The Morning Star Grocery, our turnaround point.

“Feeling good about government is like looking on the bright side of any catastrophe. When you quit looking on the bright side, the catastrophe is still there.”
P.J. O’Rourke, “Parliament of Whores”

It’s true; the catastrophe remains. The bright side — yesterday, anyway — could be found along NM 337 south of Tijeras.

My fellow velo-geezers and I decided to skip our usual Wednesday spin through the Sandia Foothills in favor of an extended climb to the southeast, from the corner of Homeless and Hungry at the eastern edge of  The Duck! City to the Morning Star Grocery, just past the Carolino Canyon Open Space.

From El Rancho Pendejo we’re talking 42 miles round-trip with about 2,400 feet of vertical gain. I rode down to meet my compañeros at H&H, which Google Maps calls “Tramway and Central.” From there, it’s nothing but rolling hills, wide shoulders, and a single stoplight where Old Route 66 meets NM 337.

This is a two-bottle ride in cool weather, which it was; I started out wearing arm and knee warmers. In summer you can resupply as necessary at Los Vecinos Community Center or the Sandia District ranger station; toilets are available at both spots, too. For anyone feeling the urge at the turnaround there’s a porta-john outside the Morning Star.

The ascent from the stoplight to the grocery, nine miles or thereabouts, reminds me of the climb from Manitou Springs to Cascade, which the Mad Dogs did now and then in the Before-Time, when we still had the mighty legs of mastiffs instead of the quivering pins of Chihuahuas.

But while U.S. 24 has the shoulders of a young Calista Flockhart, NM 337’s shoulders are padded and smooth as a zoot suit, especially since both shoulders and highway recently got a fresh coat of asphalt. We got this intel preride from one of our number who reconned the route last Sunday, solo. Most manly.
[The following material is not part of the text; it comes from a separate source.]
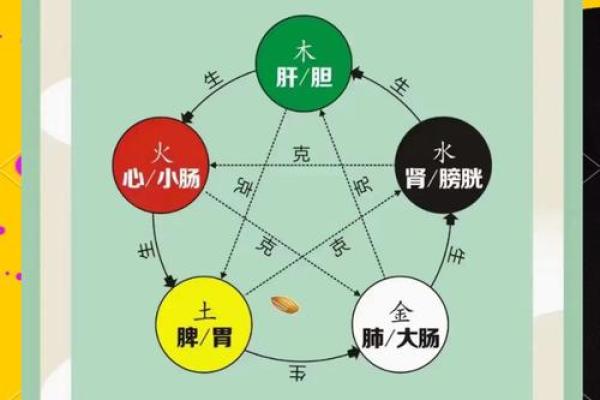 如何通过五行来分析你的命运和性格 如何通过五行来分析你的命运和性格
One of these days I have to stop and snap some pix of this ride. But in a group I tend to get caught up in aimless chitchat interrupted by minor acts of aggression because hey, we may be old but we’re still cyclists. There will be attacks and counters.

Meanwhile, anyone out there feeling the ravages of time and contemplating an e-bike should know that our senior road warrior, who is 82, covered the whole route without electrical assistance and took his pulls in the paceline on the way back, too.

How’s that for a bright side, younguns?